If anybody was wondering what PGR does to Zoysia. Crazy thicccc

https://youtu.be/MOPNLHfgbig


----------



## lucas287 (Jun 3, 2018)

Whew! That's legit!


----------



## drewwitt (Jun 25, 2018)

I just had to dethatch mine because it got so tight


----------



## reidgarner (Jun 18, 2018)

drewwitt said:


> I just had to dethatch mine because it got so tight


I hear ya. My greensmower is starting to have trouble getting traction going up the slightest little hill. The turf feels like it supports my 200lb body - like I'm floating when I walk across it.


----------



## drewwitt (Jun 25, 2018)

My trucut started floating and laying the grass over. Wish I had a groomer. Just scalped to 3/8" and scarified 6x to reset


----------



## jayhawk (Apr 18, 2017)

Yep...good luck weeds!

That's dense goodness


----------



## critterdude311 (Apr 21, 2018)

reidgarner said:


> If anybody was wondering what PGR does to Zoysia. Crazy thicccc


I feel like I just watched an X-rated movie.


----------



## Jmyler (Jun 14, 2019)

My geo does that without pgr. It would be nice not to have to cut every three days. Gotta love zoysia.


----------



## weezer0321 (Jul 23, 2018)

This may be a super noob question, but beyond PGR, how do you encourage that dense growth in zoysia? The Bermuda guys can pour on the N but I have gotten the impression that zoysia needs a more measured approach to N.
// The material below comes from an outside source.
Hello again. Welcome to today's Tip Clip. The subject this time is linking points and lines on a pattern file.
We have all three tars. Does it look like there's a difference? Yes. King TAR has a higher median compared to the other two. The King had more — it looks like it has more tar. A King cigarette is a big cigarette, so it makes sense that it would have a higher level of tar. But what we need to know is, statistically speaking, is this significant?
I've got a zoysia lawn that has some nice thick spots (not that thick though) and lots of thin areas that were under tremendous weed pressure when I bought my house (clover and poa). Now that the weeds are gone, those areas are very thin. I want that thick dense turf, so what besides PGR apps will promote that growth?


----------



## reidgarner (Jun 18, 2018)

@weezer0321 What does your sunlight look like? Slight disclaimer to my video above: that is in an area that gets about 6 hrs of direct sun. I have a small area in one corner that only gets about 3 hrs and it's not as thick. Still looks good, still covers fully, but you can tell when you walk on it.

Zoysia is susceptible to Large Patch in the spring and fall. I battled it this spring especially in the shadier areas. I just hit a first round of fall preventative fungicide last week. Have you noticed that and if so are you treating for it? That could explain the patchiness you mention.

Correct on the N. I am at 1.9# per M right now and plan no more for the rest of the year.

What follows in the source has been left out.